## Material for this task
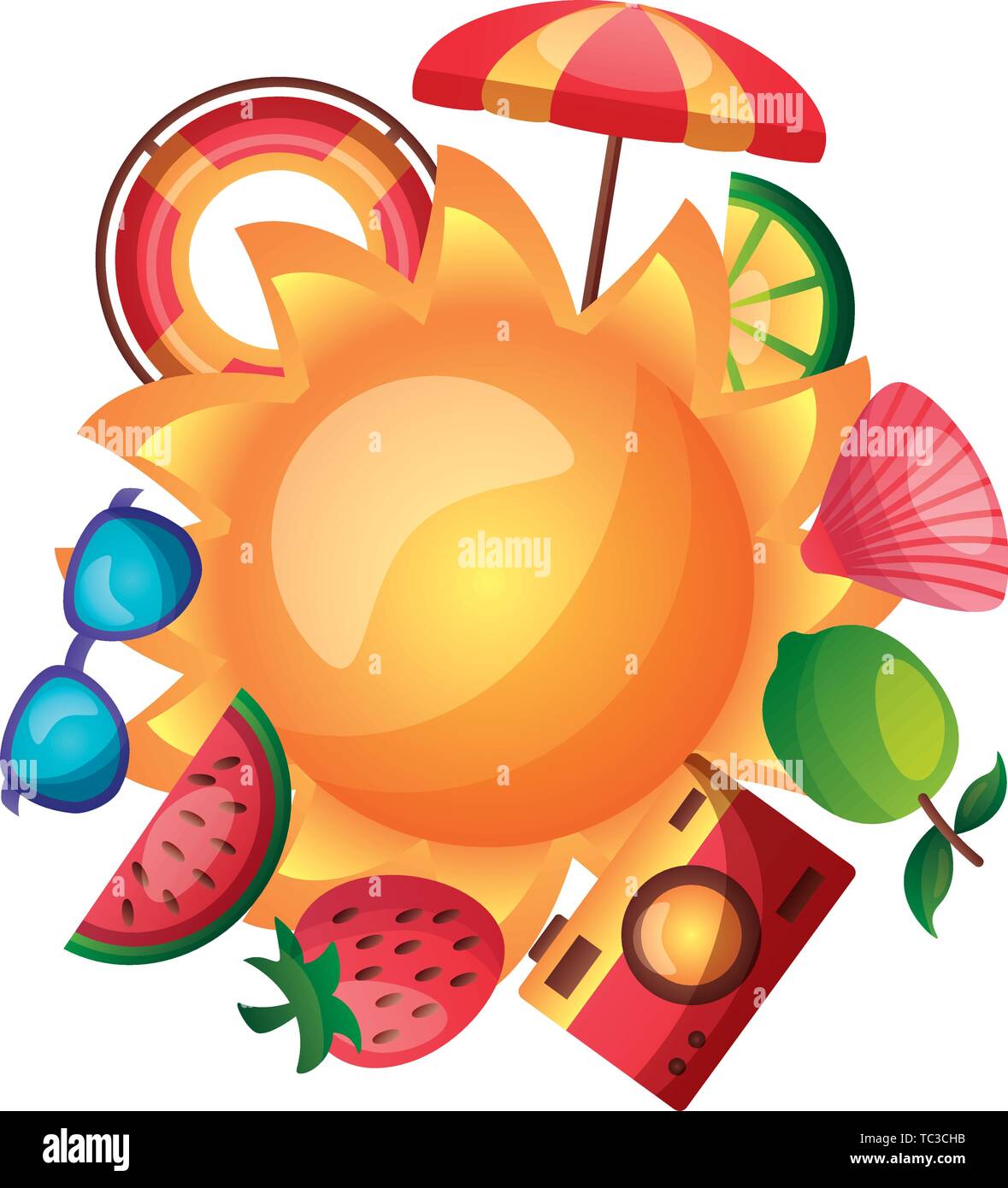 summer time holiday Stock Vector Image & Art - Alamy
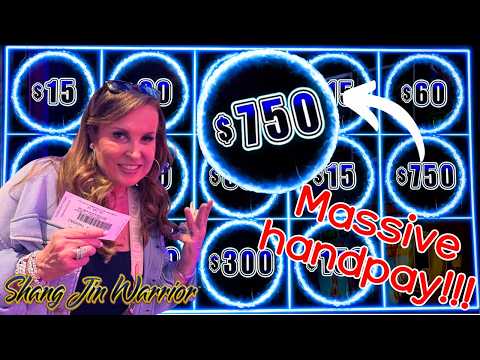 MY BIGGEST HANDPAY on Dollar Storm Shang Jin Warrior! Crazy Jackpot!!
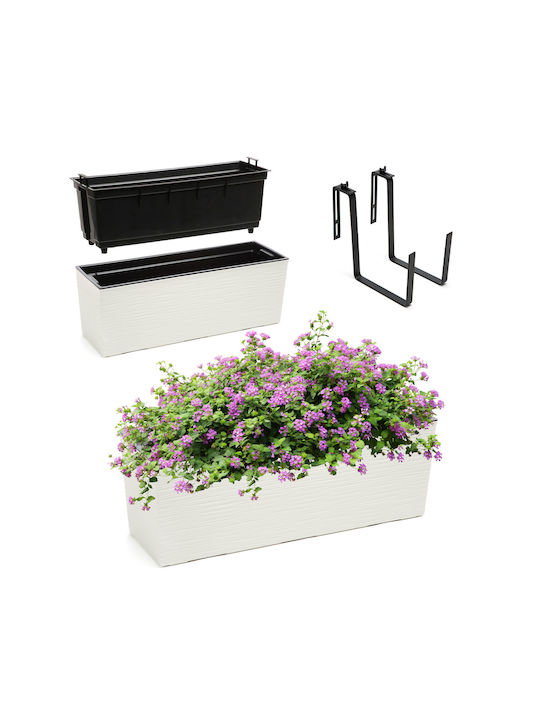 Kadax Planter Box in White Color 184206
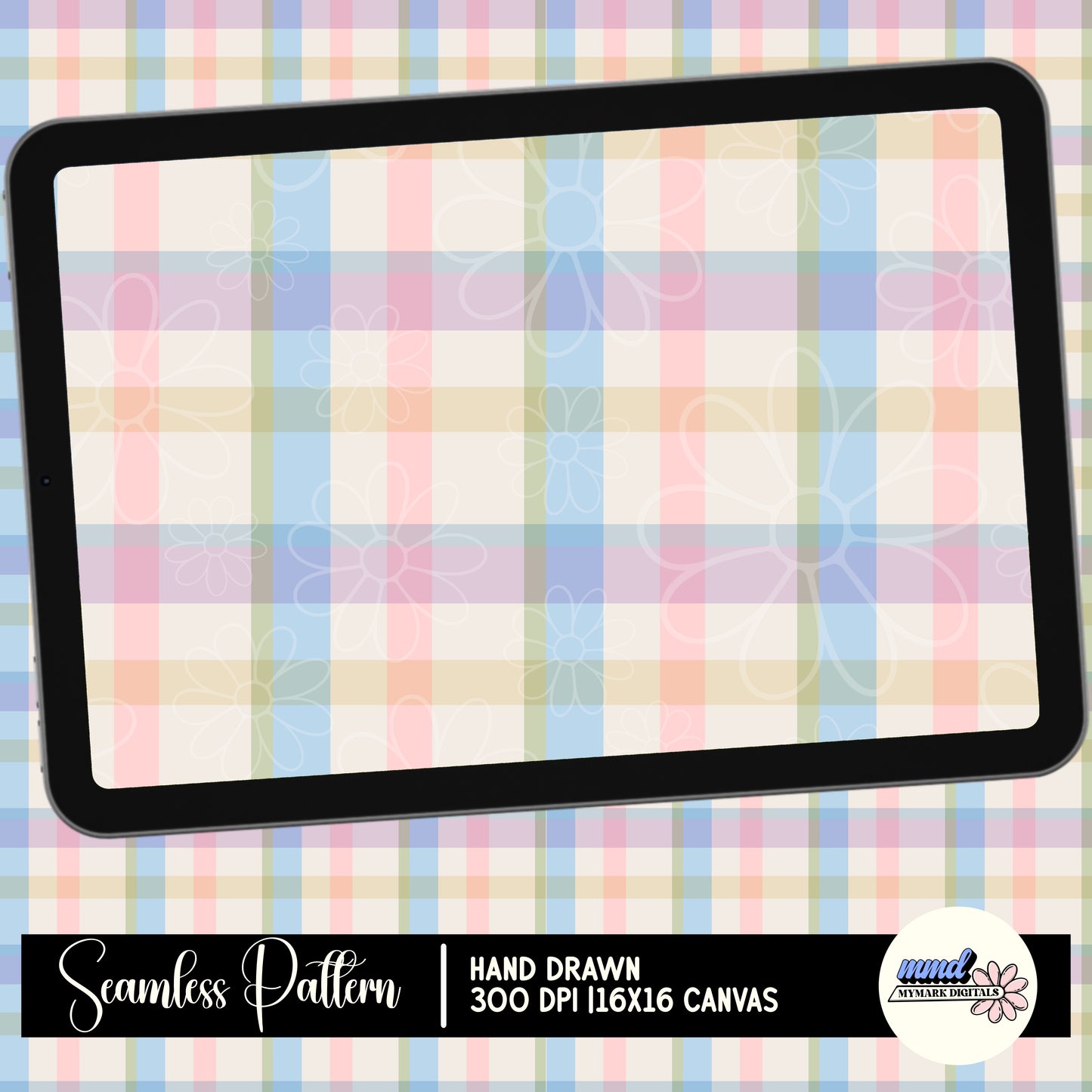 Pastel Plaid Seamless | Repeating Pattern | February 26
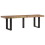 Berkfield Bench 160 cm Solid Wood Reclaimed and Steel 11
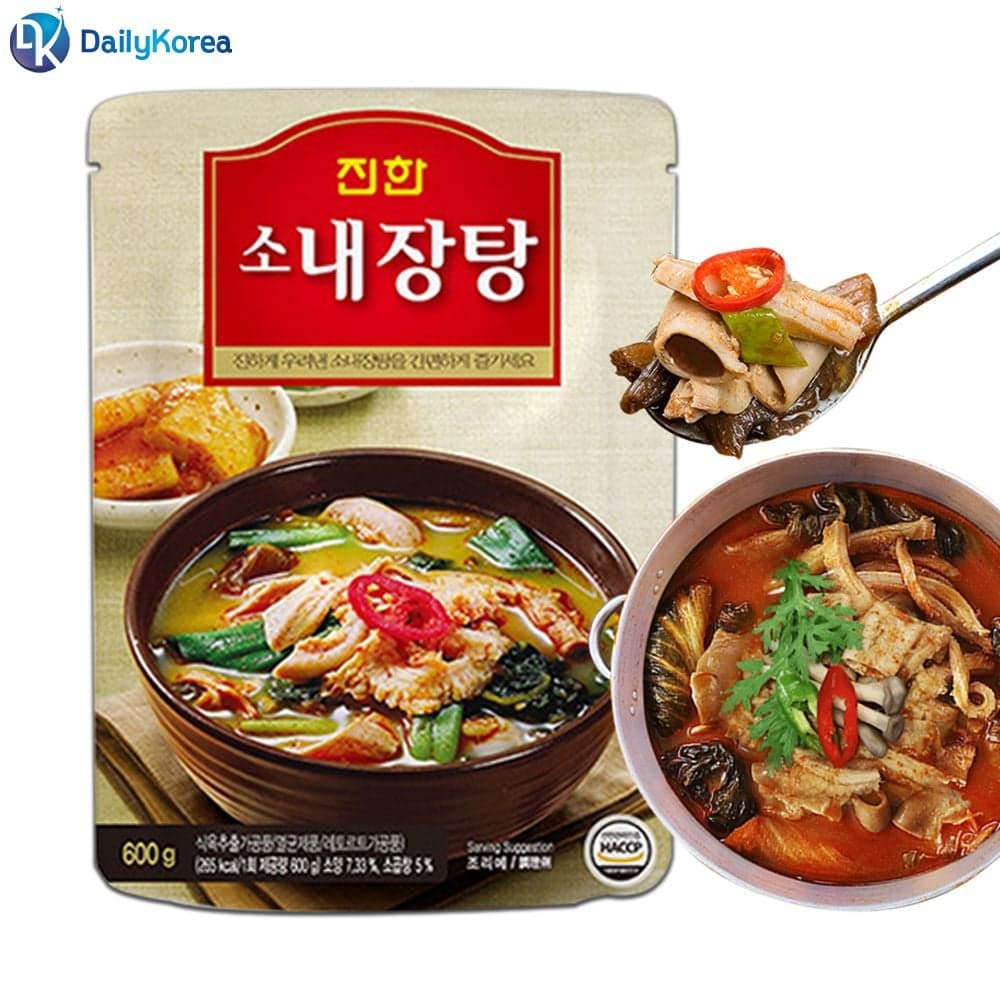 진한 식품 밀키트 간편식 혼밥 캠핑음식 레토르트 소내장탕 600g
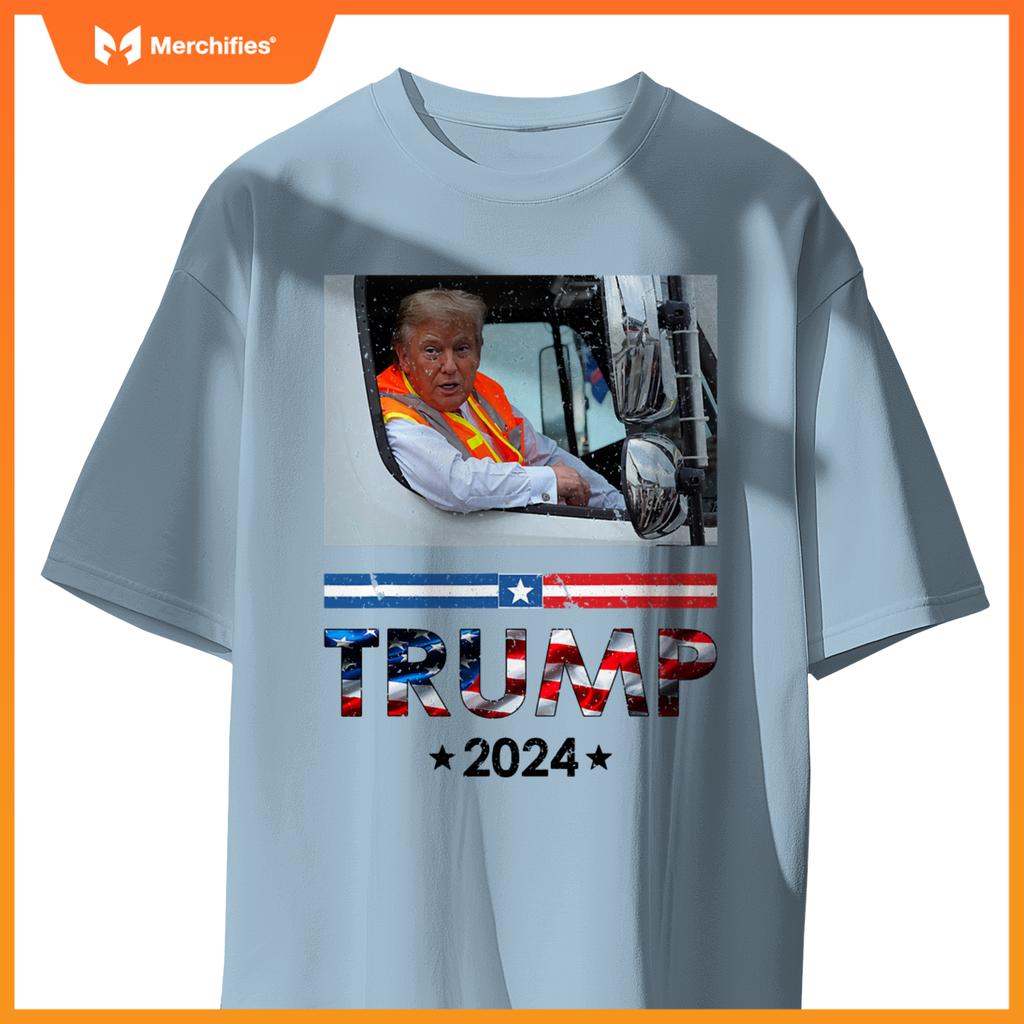 Donald Trump In Garbage Truck Team Garbage Trump 2024 T-Shirt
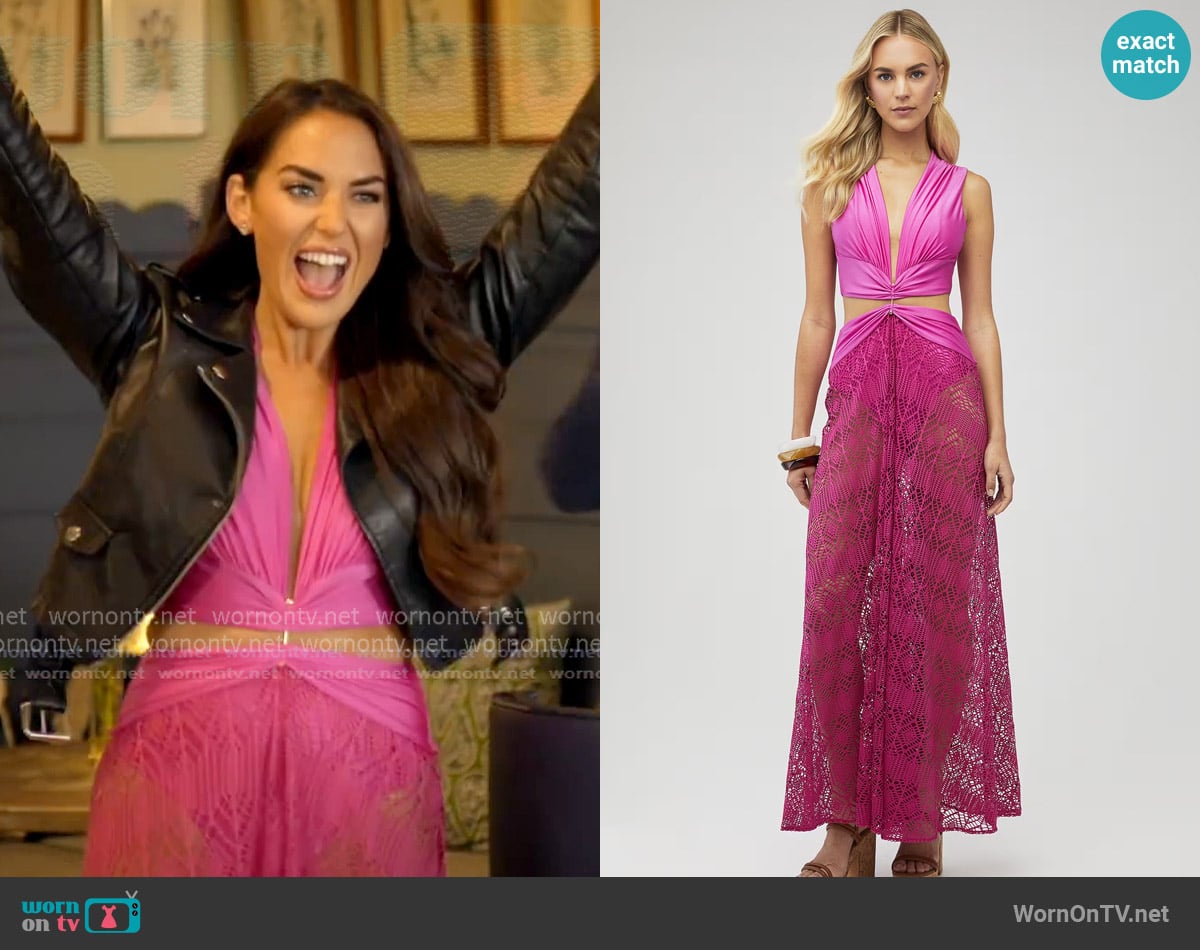 Patbo Plunge Mesh Beach Dress worn by Rosie DiMare on The Real Housewives of Rhode Island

## Work instruction
Leaving the pictures aside, write out the entries above exactly.

## Written solution
 summer time holiday Stock Vector Image & Art - Alamy
 MY BIGGEST HANDPAY on Dollar Storm Shang Jin Warrior! Crazy Jackpot!!
 Kadax Planter Box in White Color 184206
 Pastel Plaid Seamless | Repeating Pattern | February 26
 Berkfield Bench 160 cm Solid Wood Reclaimed and Steel 11
 진한 식품 밀키트 간편식 혼밥 캠핑음식 레토르트 소내장탕 600g
 Donald Trump In Garbage Truck Team Garbage Trump 2024 T-Shirt
 Patbo Plunge Mesh Beach Dress worn by Rosie DiMare on The Real Housewives of Rhode Island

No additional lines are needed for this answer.